_Exercise:_
Your task is to return, word for word, only the lines from the line with "Aerial Image of DARWIN CITY & SURROUNDS" through the close of the data. Exclude all pictures.

━━━━

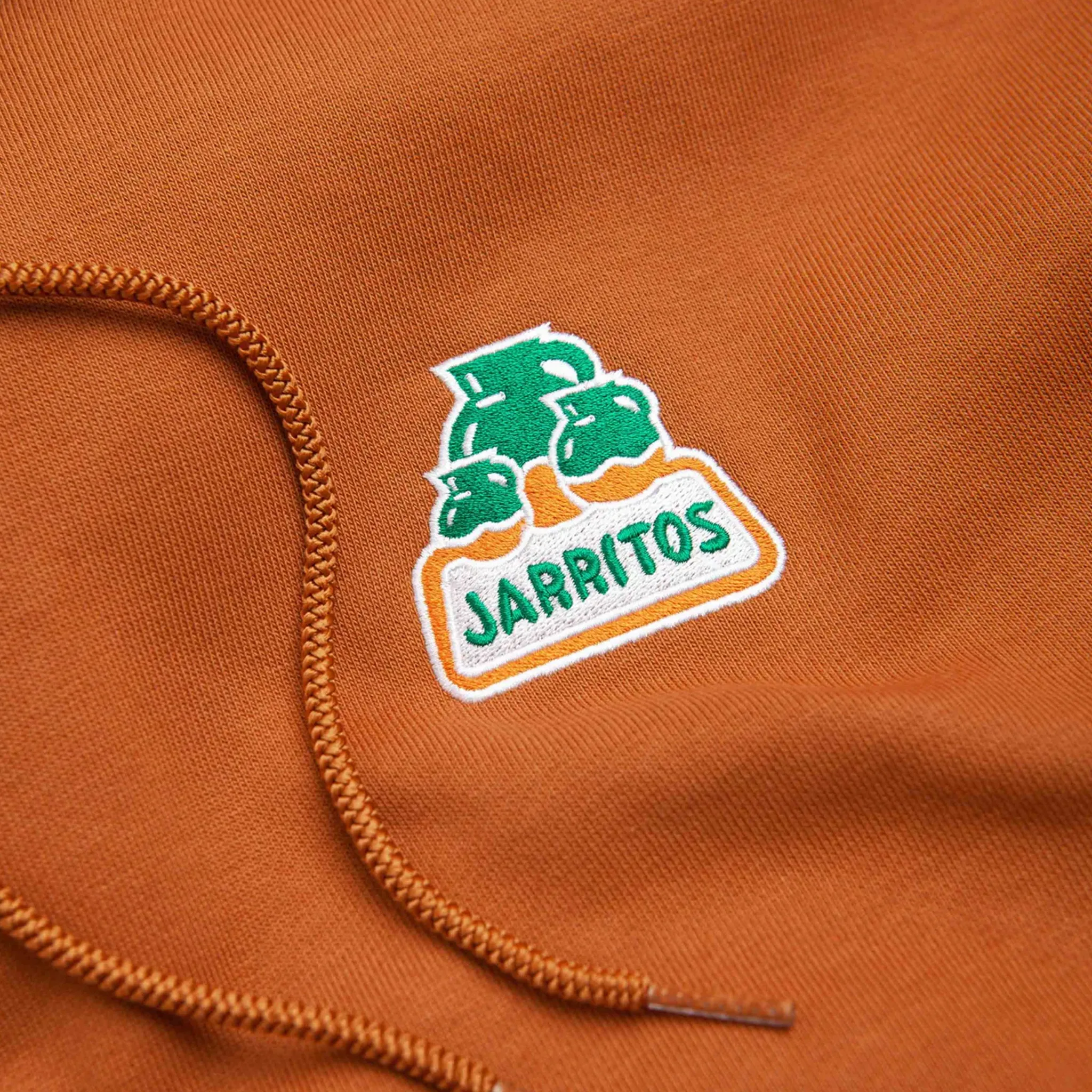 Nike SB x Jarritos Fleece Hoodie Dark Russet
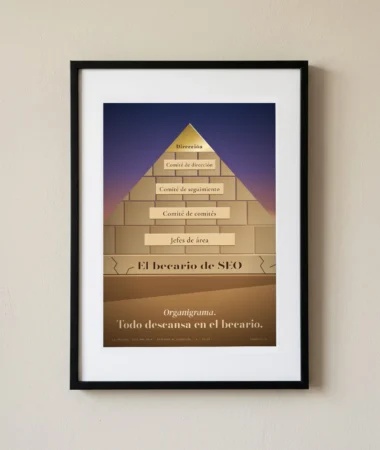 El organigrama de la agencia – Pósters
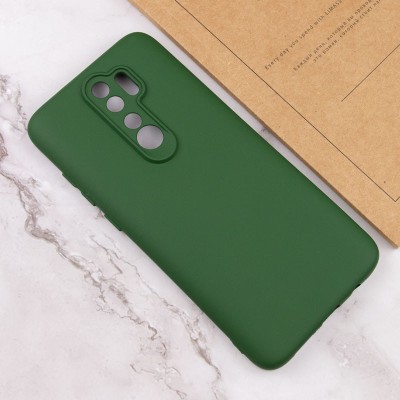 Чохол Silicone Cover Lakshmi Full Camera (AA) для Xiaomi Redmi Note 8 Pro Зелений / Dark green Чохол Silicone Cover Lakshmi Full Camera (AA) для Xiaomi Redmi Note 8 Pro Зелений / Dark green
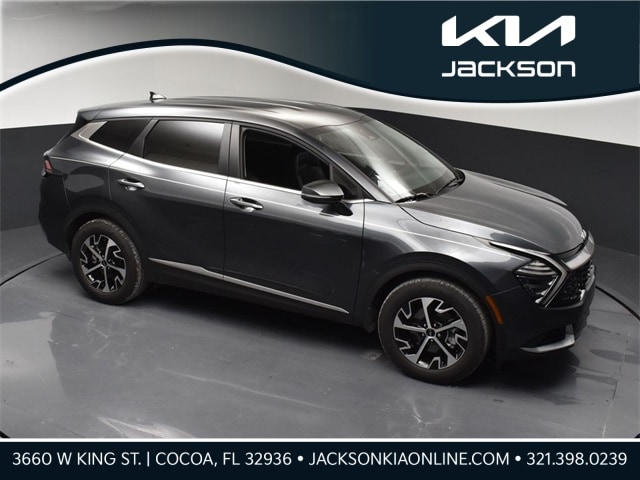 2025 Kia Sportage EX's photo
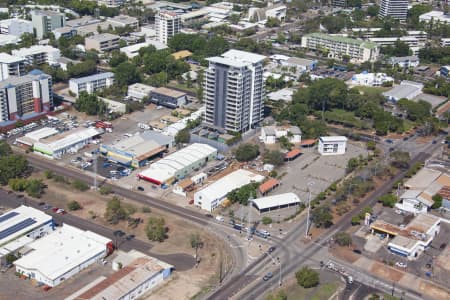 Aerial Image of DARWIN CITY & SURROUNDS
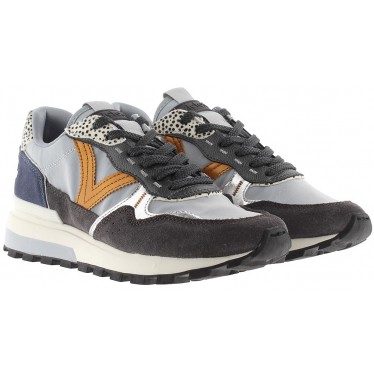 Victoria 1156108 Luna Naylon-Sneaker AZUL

━━━━

_Final answer:_
 Aerial Image of DARWIN CITY & SURROUNDS
 Victoria 1156108 Luna Naylon-Sneaker AZUL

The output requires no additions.